Does not want to know, as if the very thought of it is a betrayal. Could send her straight to hell. Not the Sunday school version, diligently filling in her blue workbooks for Catechism class—but the kind she awakens to, sometimes, in the middle of her bed in a dark room, feeling her toes but not being able to move them, and her lungs pumping as if they’ve just come up for air.
“Hey,” he says, bringing her back, and she wonders when his hand found its way to her wrist. Her fingers tremble in the pool of water. Will he stop looking at her.
“Not easier,” and he releases her hand to wave his own a little, like her mother might flick away cobwebs. “I guess it gets… it just, happens.”
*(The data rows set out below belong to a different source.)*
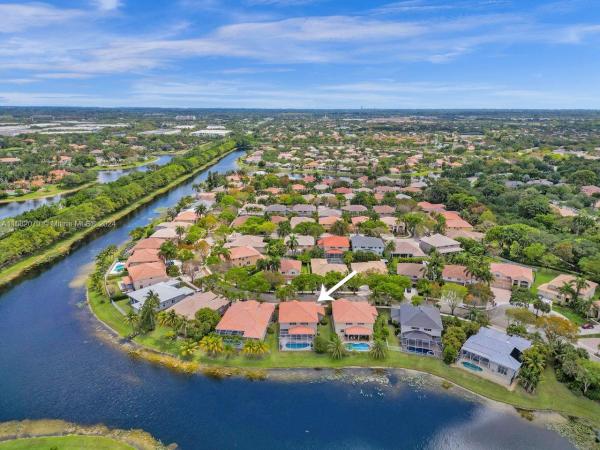 Heron Ridge, 3832 Heron Ridge Ln, Weston, Florida 33331, image 2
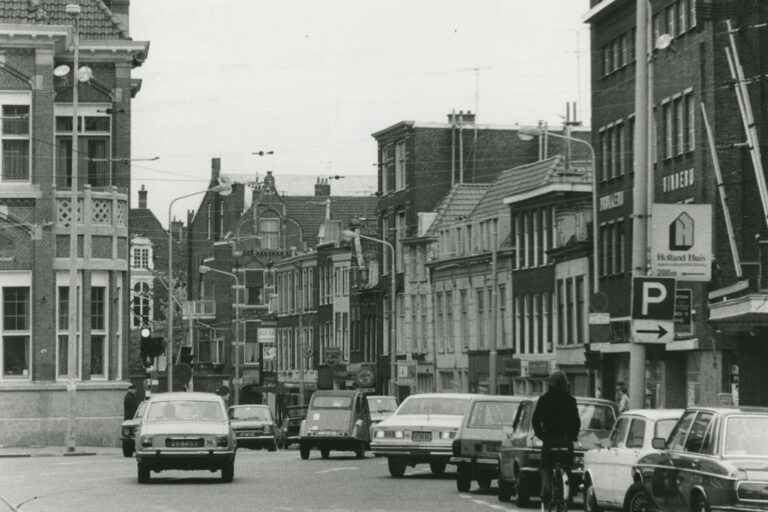 Autoverkehr in Den Haag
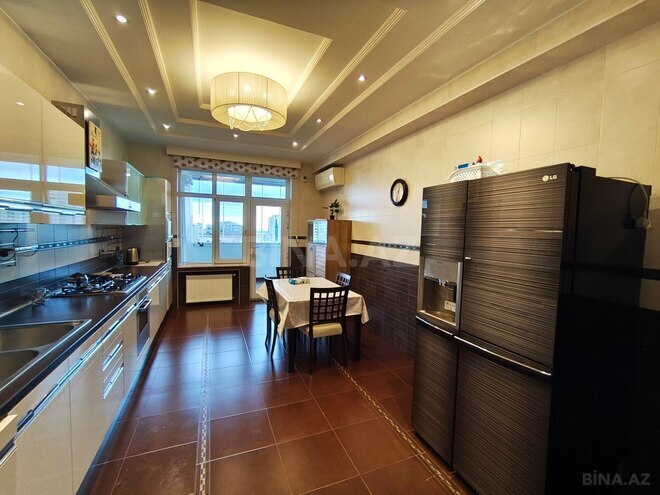 İcarəyə verilir 4 otaqlı yeni tikili 200 m², 28 May m., photo 8 from 32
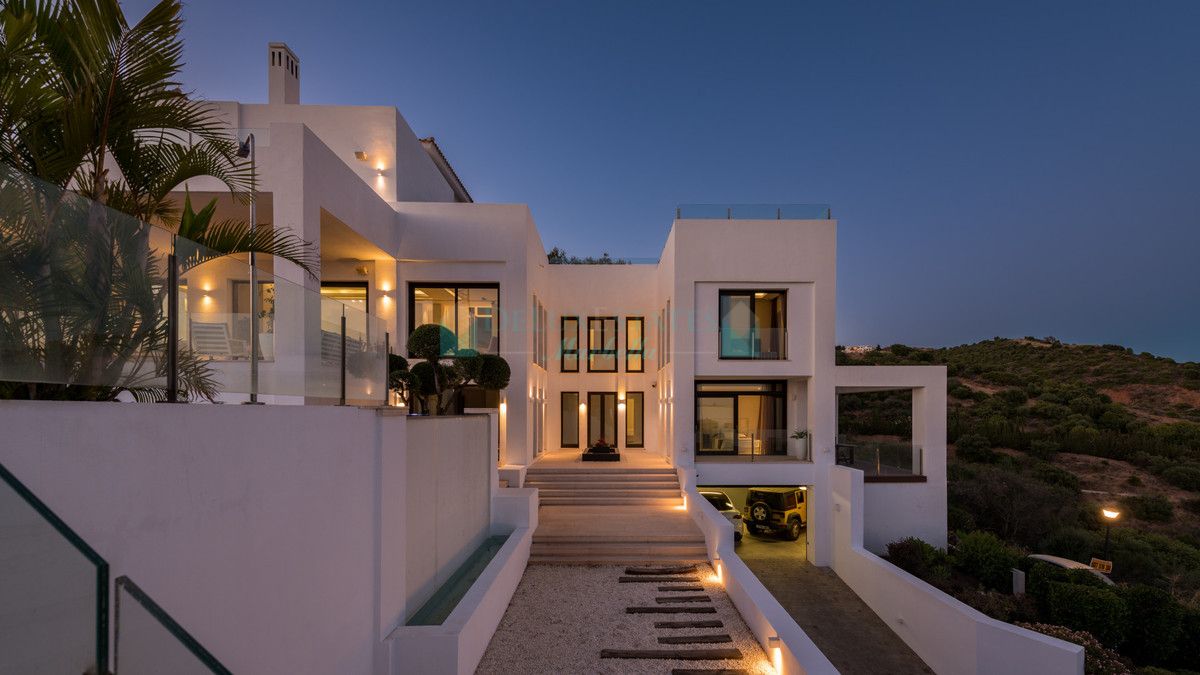 Villa for rent in Los Altos de los Monteros, Marbella East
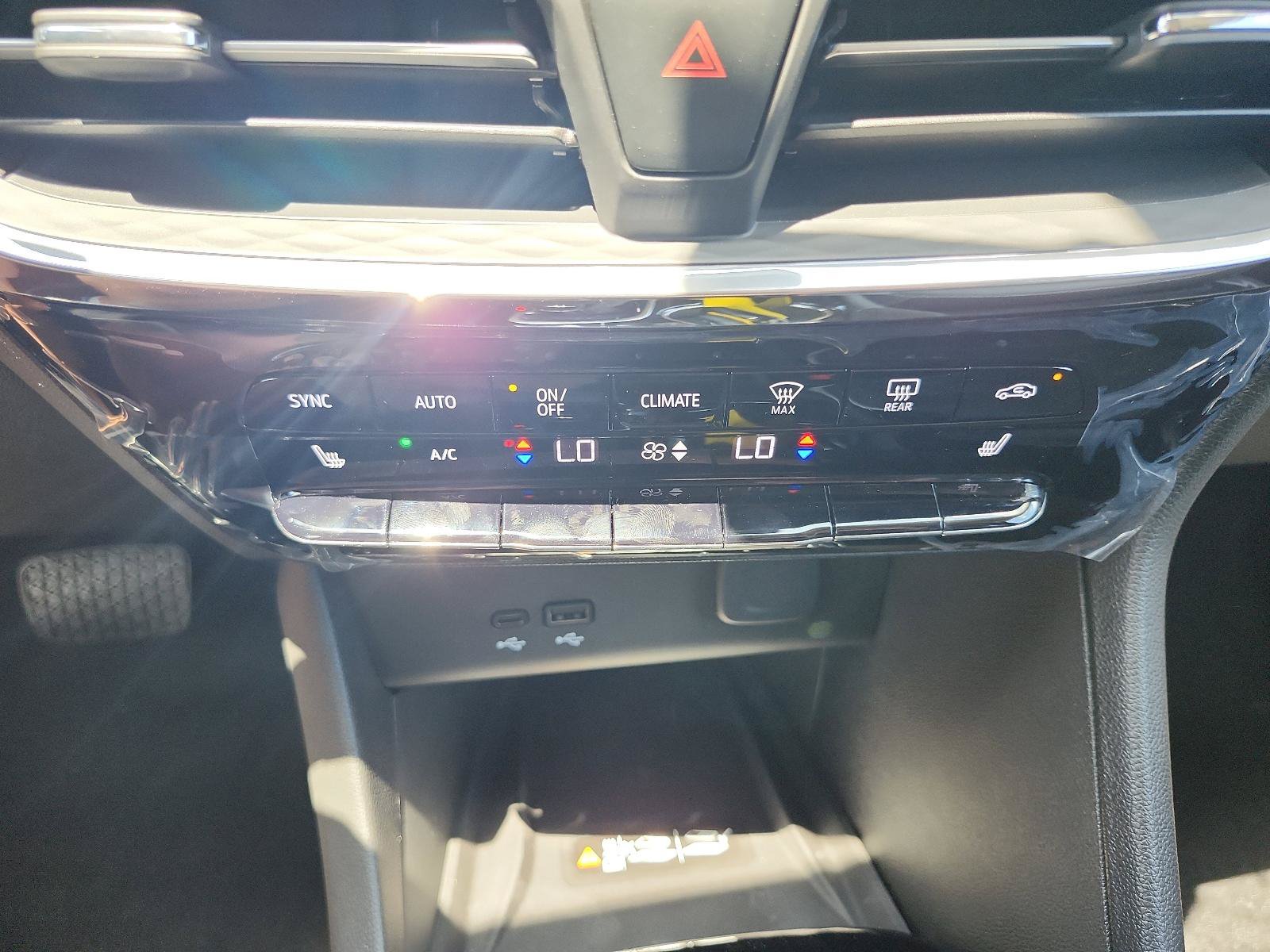 New 2026 Buick Encore GX Avenir w/ Avenir Technology Package FWD image 16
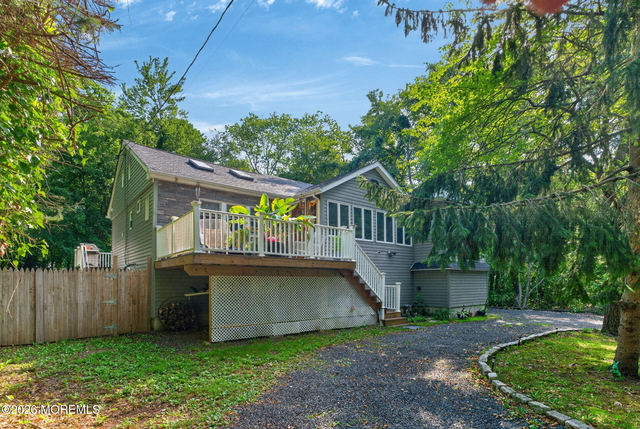 117 Mcdermott Road - Photo 1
She wants to shrink away. She wants to run. She wants to point her gun at something, anything, because this cannot be her new normal, and they cannot be having this conversation here, with the light streaming across the walls and hours to go before waitresses start offering decaf. They wouldn’t be having it at all if she had it her way, if she could turn back just an increment of time—but if they have to, certainly not here, in another nondescript diner in another nondescript town in the middle of the fucking morning.
If they have to, if they absolutely fucking have to, this conversation should be at night, with the blue buzz of a TV in the background and a lone waitress who keeps glancing over her cigarette for them to leave. They should be the only ones seated. There should not be orange juice and children crying. There should not be brunch.
She thinks she manages to nod.
“Hey,” he says again, like it’s for fucking horses. “If you ever—need someone to talk to…”
She chokes out something like a laugh, wet and utterly humorless. “I have a shrink, Mulder.” Not that she’s actually seen her very recently.
“Okay, well.” He moves back a little into the booth. “Good.”
Maybe this is it. Maybe she’s getting her wish, and this won’t really be a conversation at all, just a few unbearable minutes to endure on sunlit vinyl. But of course most of their conversations are made up of not-talking.
She takes her napkin and wipes up the water under her glass with one distinct swipe. The check will come. She will throw the money down, for once. He won’t fight her on it. They will continue to not-have this conversation in the car, in the small uncomfortable chairs at the gate. Mulder will doze, in and out, in the window seat to her right. She will catch sight of a tarot deck as the stranger to her left rifles through their carryon for a stick of gum, and her whole chest will ache. They will both continue to see their unspoken sisters. One day he might really see his. The plane will land. They will not-talk on the way to their cars. Finally the sun will set.
For now, she clenches the wet napkin in her palm and looks at Mulder long enough so she won’t hate him, for the way he looks at her and talks to her and doesn’t-talk to her when she doesn’t-ask. She looks at him so she won’t, at least for now, be able to see anything or anyone else. He gives her that dog-eared smile. He ghosts his fingers over hers and unravels the napkin from her fist, gently. His hand not-touching her still-damp palm. It feels like velvet.